It occurs to me that, rather than individualism leading to consumer culture, it is the other way round. Perhaps this is obvious, but it is only recently that I have become aware how – with each choice I make; for the clothing I wear, the furniture I have in my home, the kind of soap I use, the kind of food I choose to eat – I distance myself from my fellow man. I see him and cannot help noting the choices he has made and reflecting on – judging, even – what this says about him. When he looks at me, no doubt, he draws his own conclusions.

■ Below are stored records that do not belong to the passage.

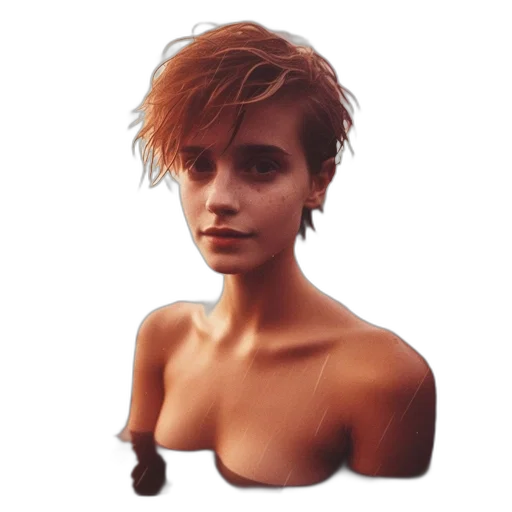hair, face, jewelry, dress transparent PNG cut-out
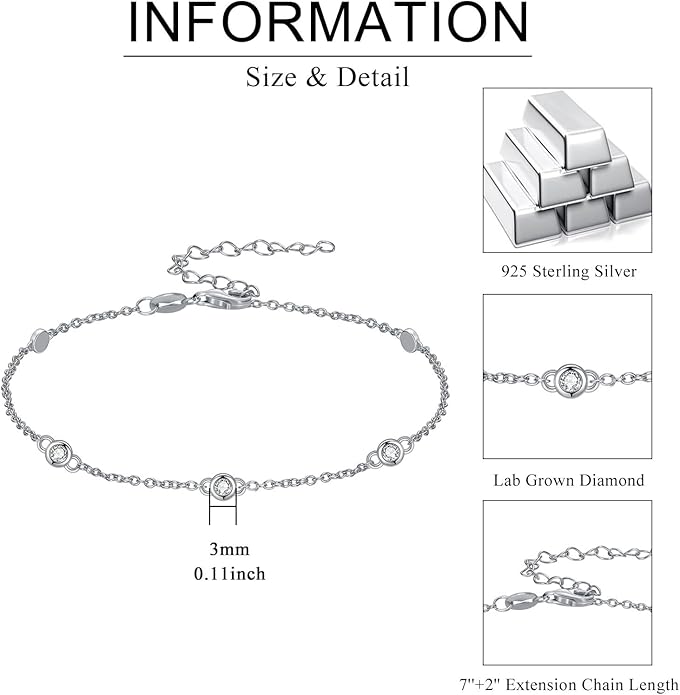 Diamond Bracelets for Women 925 Sterling Silver Dainty Bracelet with Adjustable Chain Minimalist Elegant Jewelry Gift for Women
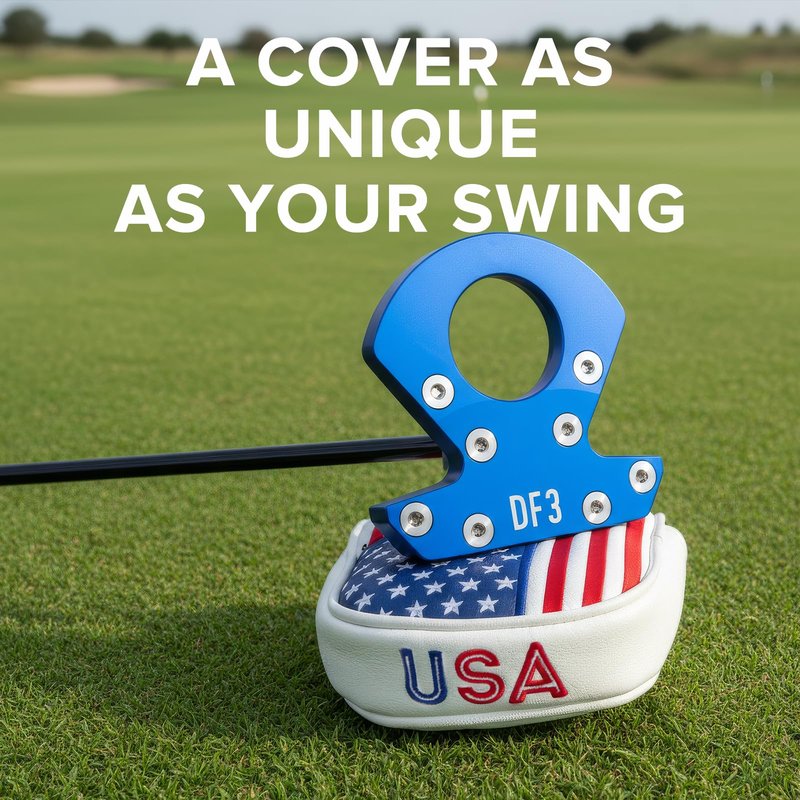 Golf Mallet Putter Cover Headcover, Magnetic Closure Premium Leather Birdie Golf Head Covers Fits Golf DF3 Putter - USA Mallet Putter Headcover (USA)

This process of ‘becoming by consuming’ has deepened as I have grown older and, concurrently, as the amount of ‘things’ I can purchase have become ever more diverse. It seems to be this very diversity that is one of the primary reasons that people everywhere crave the ‘consumer lifestyle’. Those who live in consumer cultures claim, and are claimed to be, individuals – this seems surely true, however I do wonder what exactly this ‘individuality’ consists of. How much is this ‘individuality’ merely a description or classification of the mass of objects and lifestyle choices that has a human being at its centre? If a consumer has the misfortune to lose all his possessions, by becoming a refugee for example, does he cease to be an individual; and, if he does so, does this come about because of how he sees himself, or how others see him – or both?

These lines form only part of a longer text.